The Modern Day Love Triangle: You, Me and Technology

Don’t get me wrong, technology is a brilliant tool, but it has also become a subtle intruder in our most sacred spaces. Ever noticed couples sitting across from each other in a café, not making eye contact, just scrolling silently? Or found yourself lying in bed with your spouse, not talking, just sending each other memes from three feet away? Don’t feel bad. I can relate, I’ve been there. Like most couples, my heart’s desire is to feel connected to my husband, but I often find myself stuck in patterns of disconnection or quiet avoidance.

Researchers call it “technoference”, the everyday interruptions that happen when digital devices distract us from the people right in front of us.

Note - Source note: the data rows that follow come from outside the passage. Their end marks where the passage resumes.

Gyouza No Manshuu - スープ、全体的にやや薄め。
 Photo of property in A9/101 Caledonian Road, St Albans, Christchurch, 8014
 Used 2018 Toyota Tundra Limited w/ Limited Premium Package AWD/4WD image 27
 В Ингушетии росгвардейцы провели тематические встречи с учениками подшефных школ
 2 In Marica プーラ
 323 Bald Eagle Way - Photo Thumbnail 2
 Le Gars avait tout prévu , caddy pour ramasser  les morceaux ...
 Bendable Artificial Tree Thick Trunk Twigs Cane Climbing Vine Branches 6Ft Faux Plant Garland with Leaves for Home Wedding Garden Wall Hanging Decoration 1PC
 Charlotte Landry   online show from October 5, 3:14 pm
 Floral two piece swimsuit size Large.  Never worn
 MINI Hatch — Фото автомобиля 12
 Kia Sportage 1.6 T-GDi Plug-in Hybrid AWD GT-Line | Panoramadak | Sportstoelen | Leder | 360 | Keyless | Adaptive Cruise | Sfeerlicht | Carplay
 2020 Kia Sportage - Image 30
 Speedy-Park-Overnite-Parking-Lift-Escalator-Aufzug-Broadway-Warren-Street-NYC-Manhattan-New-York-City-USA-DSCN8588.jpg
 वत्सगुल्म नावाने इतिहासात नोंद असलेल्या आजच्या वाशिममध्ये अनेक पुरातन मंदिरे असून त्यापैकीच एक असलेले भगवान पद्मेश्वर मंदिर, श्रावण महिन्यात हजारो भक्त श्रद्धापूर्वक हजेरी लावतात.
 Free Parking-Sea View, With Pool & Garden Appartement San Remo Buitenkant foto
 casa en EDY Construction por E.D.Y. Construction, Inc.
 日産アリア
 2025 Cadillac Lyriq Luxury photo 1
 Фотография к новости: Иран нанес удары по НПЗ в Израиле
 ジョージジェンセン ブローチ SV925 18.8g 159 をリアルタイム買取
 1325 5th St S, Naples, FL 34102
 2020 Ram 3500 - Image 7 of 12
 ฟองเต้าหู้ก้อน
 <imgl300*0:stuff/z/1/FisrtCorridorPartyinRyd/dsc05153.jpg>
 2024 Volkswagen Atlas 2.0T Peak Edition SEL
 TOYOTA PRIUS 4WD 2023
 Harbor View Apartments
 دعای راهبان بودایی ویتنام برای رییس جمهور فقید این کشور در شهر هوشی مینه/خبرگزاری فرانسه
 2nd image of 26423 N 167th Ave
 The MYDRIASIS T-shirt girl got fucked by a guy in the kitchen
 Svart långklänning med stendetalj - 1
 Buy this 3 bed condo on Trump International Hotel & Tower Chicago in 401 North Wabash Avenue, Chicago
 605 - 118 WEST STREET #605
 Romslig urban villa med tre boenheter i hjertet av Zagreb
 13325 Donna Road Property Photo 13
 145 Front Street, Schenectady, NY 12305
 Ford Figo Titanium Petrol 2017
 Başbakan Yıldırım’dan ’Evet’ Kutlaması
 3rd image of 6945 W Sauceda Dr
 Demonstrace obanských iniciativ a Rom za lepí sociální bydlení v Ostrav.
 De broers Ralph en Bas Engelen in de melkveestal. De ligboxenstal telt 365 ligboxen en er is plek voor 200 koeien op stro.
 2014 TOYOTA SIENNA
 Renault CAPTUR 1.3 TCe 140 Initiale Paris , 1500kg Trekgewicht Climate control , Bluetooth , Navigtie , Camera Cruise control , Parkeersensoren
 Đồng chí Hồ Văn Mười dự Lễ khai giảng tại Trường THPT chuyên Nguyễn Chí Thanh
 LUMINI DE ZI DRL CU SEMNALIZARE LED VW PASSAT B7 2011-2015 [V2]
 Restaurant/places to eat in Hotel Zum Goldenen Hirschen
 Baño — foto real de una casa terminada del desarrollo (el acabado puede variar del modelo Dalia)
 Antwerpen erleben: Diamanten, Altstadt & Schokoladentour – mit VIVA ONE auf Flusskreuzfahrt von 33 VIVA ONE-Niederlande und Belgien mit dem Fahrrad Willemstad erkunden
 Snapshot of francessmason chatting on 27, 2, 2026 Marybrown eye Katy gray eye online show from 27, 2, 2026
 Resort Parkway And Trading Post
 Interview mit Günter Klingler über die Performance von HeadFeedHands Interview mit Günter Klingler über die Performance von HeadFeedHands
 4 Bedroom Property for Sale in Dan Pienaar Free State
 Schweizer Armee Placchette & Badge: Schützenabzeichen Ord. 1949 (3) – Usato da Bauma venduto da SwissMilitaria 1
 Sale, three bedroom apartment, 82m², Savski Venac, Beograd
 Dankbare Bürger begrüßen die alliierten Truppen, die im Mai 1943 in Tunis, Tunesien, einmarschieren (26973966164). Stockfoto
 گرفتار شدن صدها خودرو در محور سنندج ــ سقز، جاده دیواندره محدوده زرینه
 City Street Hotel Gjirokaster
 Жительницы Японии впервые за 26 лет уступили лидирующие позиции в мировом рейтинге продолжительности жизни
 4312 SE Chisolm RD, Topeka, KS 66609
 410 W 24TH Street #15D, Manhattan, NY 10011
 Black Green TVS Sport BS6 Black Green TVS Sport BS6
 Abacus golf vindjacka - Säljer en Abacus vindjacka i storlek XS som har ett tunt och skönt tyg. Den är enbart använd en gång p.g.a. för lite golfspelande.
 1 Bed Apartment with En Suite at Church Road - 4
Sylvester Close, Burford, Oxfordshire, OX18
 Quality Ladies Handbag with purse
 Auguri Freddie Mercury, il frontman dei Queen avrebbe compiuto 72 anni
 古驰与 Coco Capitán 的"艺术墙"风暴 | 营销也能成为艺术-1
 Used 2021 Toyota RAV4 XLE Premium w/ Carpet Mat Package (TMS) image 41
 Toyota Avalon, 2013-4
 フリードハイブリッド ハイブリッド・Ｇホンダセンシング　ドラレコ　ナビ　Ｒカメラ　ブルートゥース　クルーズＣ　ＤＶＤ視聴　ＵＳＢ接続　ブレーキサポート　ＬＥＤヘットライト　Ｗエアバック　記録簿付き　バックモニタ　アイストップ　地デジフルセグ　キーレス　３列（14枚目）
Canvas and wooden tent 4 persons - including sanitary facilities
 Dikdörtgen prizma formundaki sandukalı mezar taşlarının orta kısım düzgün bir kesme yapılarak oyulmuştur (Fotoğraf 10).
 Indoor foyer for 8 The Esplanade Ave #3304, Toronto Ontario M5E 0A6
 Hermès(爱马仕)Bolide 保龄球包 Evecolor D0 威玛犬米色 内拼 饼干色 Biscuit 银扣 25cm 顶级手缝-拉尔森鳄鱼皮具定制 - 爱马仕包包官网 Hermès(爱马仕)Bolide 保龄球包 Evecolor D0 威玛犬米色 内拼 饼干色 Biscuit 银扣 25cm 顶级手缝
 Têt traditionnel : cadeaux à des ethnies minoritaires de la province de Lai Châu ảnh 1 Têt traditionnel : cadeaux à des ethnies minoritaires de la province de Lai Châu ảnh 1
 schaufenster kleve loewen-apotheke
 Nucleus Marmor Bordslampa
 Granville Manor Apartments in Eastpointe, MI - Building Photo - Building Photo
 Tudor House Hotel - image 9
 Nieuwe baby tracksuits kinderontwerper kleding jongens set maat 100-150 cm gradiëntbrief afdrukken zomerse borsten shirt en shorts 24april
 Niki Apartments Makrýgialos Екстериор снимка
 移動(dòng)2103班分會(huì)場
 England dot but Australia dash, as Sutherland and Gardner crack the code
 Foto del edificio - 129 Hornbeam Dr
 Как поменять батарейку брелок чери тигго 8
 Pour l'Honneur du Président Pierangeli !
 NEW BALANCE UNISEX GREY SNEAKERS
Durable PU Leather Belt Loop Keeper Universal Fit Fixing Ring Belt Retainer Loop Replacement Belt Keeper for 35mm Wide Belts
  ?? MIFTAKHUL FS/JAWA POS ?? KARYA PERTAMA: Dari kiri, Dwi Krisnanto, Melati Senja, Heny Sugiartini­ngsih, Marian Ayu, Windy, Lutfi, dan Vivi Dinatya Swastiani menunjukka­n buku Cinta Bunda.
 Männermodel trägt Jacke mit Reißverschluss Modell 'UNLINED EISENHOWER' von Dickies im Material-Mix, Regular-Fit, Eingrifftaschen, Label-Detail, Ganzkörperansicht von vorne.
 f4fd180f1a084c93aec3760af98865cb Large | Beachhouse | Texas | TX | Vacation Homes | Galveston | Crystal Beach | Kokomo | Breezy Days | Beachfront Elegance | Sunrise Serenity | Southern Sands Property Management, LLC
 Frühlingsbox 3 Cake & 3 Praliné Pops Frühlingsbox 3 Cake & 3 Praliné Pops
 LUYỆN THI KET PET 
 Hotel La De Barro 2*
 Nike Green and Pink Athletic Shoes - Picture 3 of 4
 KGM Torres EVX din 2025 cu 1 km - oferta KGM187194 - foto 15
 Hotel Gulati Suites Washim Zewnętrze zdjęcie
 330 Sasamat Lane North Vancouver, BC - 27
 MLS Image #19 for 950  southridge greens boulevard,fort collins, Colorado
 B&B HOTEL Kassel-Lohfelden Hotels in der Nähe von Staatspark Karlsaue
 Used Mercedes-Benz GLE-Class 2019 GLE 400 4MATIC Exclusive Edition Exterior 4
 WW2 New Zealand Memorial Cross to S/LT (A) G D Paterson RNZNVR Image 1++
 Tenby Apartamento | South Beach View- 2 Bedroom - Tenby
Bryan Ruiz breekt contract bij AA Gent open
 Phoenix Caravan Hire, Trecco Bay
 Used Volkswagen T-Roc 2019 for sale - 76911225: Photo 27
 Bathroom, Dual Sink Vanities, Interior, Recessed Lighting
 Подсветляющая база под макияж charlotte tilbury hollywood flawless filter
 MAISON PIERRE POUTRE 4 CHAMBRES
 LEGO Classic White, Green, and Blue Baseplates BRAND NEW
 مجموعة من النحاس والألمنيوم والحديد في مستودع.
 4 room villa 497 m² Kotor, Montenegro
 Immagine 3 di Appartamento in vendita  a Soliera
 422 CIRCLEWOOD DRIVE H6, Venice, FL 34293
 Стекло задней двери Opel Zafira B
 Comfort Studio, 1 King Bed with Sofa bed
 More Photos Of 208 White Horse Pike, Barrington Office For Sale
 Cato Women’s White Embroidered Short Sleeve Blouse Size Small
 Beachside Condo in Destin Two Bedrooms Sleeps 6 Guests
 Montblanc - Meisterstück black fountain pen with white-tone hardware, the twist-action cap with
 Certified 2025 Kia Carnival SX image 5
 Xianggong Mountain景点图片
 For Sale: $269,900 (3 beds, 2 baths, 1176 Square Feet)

And it’s been consistently linked to lower relationship satisfaction, reduced intimacy, and more frequent conflict. Even the simple presence of a phone, face down on the table, can shift the tone of a conversation. Studies have shown that when a phone is visible, people feel less empathy from their partner and report a lower sense of connection. It’s not just about what we’re doing on our devices, it’s what we’re missing when we’re on them.

According to relationship experts John and Julie Gottman, it’s not the grand gestures that make a relationship strong, it’s the little things. The subtle moments. The everyday “bids for connection.”

A bid might look like a passing comment, a glance, a question, or even a shared meme. It’s one partner reaching out emotionally, hoping the other will notice and respond.

Here’s what’s powerful: in thriving relationships, partners turn toward these bids 86% of the time. That means they notice, they respond, they engage. In relationships that are struggling? That number drops to just 33%.

And here’s where it gets real, every time we miss a bid, especially because we’re glued to a screen, we send a quiet message: I don’t see you. I’m not with you.

Over time, those missed moments start to add up. They chip away at the trust, closeness, and warmth we’re all longing for.

Because love isn’t built in the big, dramatic scenes. It’s built in the micro-moments, if we’re paying attention.

Secure adult relationships thrive on one essential ingredient: emotional attunement, the felt experience of being seen, heard, and truly valued. But when our attention is constantly split between our partner and a screen, that sense of connection quietly crumbles.

Recent studies show that when someone feels like their partner is always on their phone, it doesn’t just annoy them, it can lower commitment and spark anxiety in the relationship.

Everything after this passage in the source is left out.